The Health Subcommittee of the House Energy and Commerce Committee will hold a hearing today on "Do New Health Law Mandates Threaten Conscience Rights and Access to Care?" The advance written testimony of the 5 witnesses is available online from the Committee's website. Testfying will be representatives of the Alliance of Catholic Health Care; Christian Medical Association; Archdiocese of Washington, D.C.; Catholics for Choice; and Washington Hospital Center. Life News reports on the scheduled hearing.

Catholic Group May Sue Over Loss of Grant For Serving Trafficking Victims

The Washington Post reported Monday that the U.S. Conference of Catholic Bishops may sue the Department of Health and Human Services over the its refusal to renew a grant to the USCCB for it to provide services for victims of human trafficking. Instead the grant money will be shared by 3 other non-profit groups.  Apparently career staff at HHS's Office of Migration and Refugee Services recommended that the grant which USCCB has held since 2006 be awarded to it again, on the basis of scores assigned by an independent review board. However senior political appointees reportedly overruled them because USCCB will not refer victims of trafficking for contraceptive or abortion services.  The Catholic group did allow subcontractors to refer women for these services, but would not reimburse the subcontractors with federal grant funds. The ACLU sued over USCCB's practices in 2009. USCCB Media Blog earlier this month accused HHS of having an "ABC Rule", i.e. "Anybody But Catholics."

Tuesday, November 01, 2011

Court Upholds School's Ban of Anti-Islam T-Shirts

In a decision that has just become available, Sapp v. School Board of Alachua County, Florida, (ND FL, Sept. 30, 2011), a Florida federal district court upheld against free expression challenges a school's dress codes that were applied to send students home for wearing T-shirts carrying the slogan "Islam is of the Devil."  The children who wore the T-shirts came from two families that were members of the Dove World Outreach Center. The Center had gained notoriety for promoting a "Burn a Quran Day." (See prior posting.)  At issue in the new decision were two separate versions of a dress code, in effect in successive school years. (See prior related posting.)  [Thanks to Volokh Conspiracy for the lead.]

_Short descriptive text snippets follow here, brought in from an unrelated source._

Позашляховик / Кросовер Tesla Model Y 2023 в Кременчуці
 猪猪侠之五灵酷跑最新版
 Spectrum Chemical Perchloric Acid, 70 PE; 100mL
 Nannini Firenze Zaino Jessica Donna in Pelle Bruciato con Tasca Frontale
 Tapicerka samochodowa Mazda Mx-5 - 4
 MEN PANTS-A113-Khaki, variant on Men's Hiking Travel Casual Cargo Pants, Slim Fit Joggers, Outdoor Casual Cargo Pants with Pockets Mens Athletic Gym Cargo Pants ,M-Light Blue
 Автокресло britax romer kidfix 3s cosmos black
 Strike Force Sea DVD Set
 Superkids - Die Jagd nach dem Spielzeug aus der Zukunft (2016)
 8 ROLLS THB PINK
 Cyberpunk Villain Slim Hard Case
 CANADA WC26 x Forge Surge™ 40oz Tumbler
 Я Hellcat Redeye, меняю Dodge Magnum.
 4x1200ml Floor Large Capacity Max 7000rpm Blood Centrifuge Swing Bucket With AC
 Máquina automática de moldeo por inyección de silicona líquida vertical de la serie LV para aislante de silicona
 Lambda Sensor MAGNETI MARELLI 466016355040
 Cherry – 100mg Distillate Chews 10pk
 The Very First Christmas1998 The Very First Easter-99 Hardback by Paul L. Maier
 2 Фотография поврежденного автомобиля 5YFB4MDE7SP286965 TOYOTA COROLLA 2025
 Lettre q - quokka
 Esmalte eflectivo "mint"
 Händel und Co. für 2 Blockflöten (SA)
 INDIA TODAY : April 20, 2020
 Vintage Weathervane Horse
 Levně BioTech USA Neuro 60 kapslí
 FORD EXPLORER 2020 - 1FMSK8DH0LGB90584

Parents Get 75 Months In Faith Healing Death of Infant

In Calckamas County, Oregon yesterday, a trial court judge sentenced Dale and Shannon Hickman to 75 months in prison in the death of their infant son, David, who was born prematurely and lived less than 9 hours.  The couple also received 3 years' probation. As reported by the Oregonian and Courthouse News Service yesterday, the Hickmans' who are members of the Followers of Christ Church, failed to seek medical assistance for their infant and instead merely prayed for him and anointed him with olive oil in compliance with their church's teachings.  The Hickmans are the fourth Followers of Christ couple to stand trial in the last 3 years for failing to seek medical care for their children. The sentence was the minimum mandatory sentence under the state's sentencing guidelines. The judge refused to invoke a now-repealed religious exception that could have allowed him to impose less than the mandatory minimum imprisonment, saying the case did not qualify for the  exemption. The Hickman's attorney had sought merely probation, saying that the couple had already taken their two remaining children to a pediatrician, and would comply with court orders regarding medical care for them.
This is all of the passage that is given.